With a fastball in the low 90s and a hard slider, Godfrey's projections range from the second through fourth rounds. LSU's confident he comes to campus though, and it will ultimately depend on what an organization's willing to offer him.

"He hasn't been off to the hottest start this spring," our source said. "He's been putting a lot of pressure on himself to perform for the draft. I think before he came to LSU, he had every intention of signing professionally. When he came to LSU, it opened his eyes to big-time SEC baseball. It changed his outlook."

As for Lange, he's had loads of scouts stop by his games to see him and his teammate Montre Harrison, who should be a first-round pick. Scout's Kiley McDaniel pegs Lange as a possible 6-8 rounder, and LSU would feel comfortable about keeping him if that's where he lands after Coach Dunn met with him a couple weeks ago.

"He said Lange gave him every reason to think he's coming to school," our source said. "He doesn't think he's ready for pro ball, and the mom's very academic-driven, so we don't think we're going to have a problem there."

LSU's confident they'll keep Brother Martin's Greg Deichmann
Position players Greg Deichmann (Brother Martin) and Bobby Bradley (Gulfport, Miss.) could very well go in the first 10 rounds as well. McDaniel has both in the Top 10 draft prospects from Arkansas, Louisiana and Mississippi, with a third-fourth round grade. Our source is extremely confident that Deichmann will come to college if that's where he's selected, as that home-state appeal is big for him.

Our source was also optimistic they'll keep Bradley, a power-hitting first baseman, if he isn't taken until the fourth round.

"If Bradley gets called in the fourth round, he's not going to sign for that," our source said. "He's given us every indication that he won't."

As for the rest of LSU's signing class, projections have a handful of players pegged outside of the top 10 rounds but with the potential to move up. Mike Papierski, Jake Latz, Doug Norman and Grayson Byrd could all be taken within the first 10 rounds, but LSU is confident in holding on to all four. Austin Bain has also been mentioned as a possible draftee, but our source said he's already told scouts not to come watch him as he's 100 percent committed to going to school.

A handful of underclassmen on the current team could hear their name called during the MLB Draft. Aaron Nola's seen his stock rise with a strong junior season and he's solidified himself as a Top 10 overall pick, which would give the Tigers two in the last three years (Kevin Gausman, fourth overall 2012).

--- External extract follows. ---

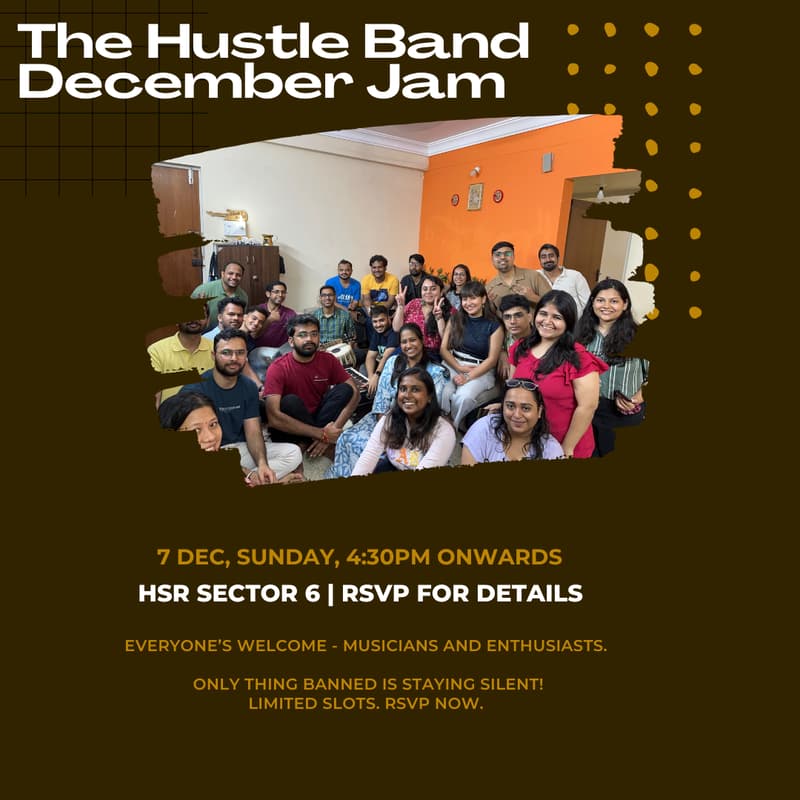 Cover Image for The Hustle Band Music December Jam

Closer Joe Broussard will likely be taken early in the draft as well, and LSU expects him to sign. Mark Laird's a draft-eligible sophomore with some projections pegging him as a possible fifth rounder, but LSU believes he'll return for another season.

"I can see that because he runs so well," our source said. "That tool's always going to play at the next level. But from a maturity and development standpoint, he's pretty much telling us he's committed to coming back."

The first two rounds of the MLB Draft will be conducted June 5, with rounds 3 through 10 on June 6. The final 30 rounds will take place on June 7.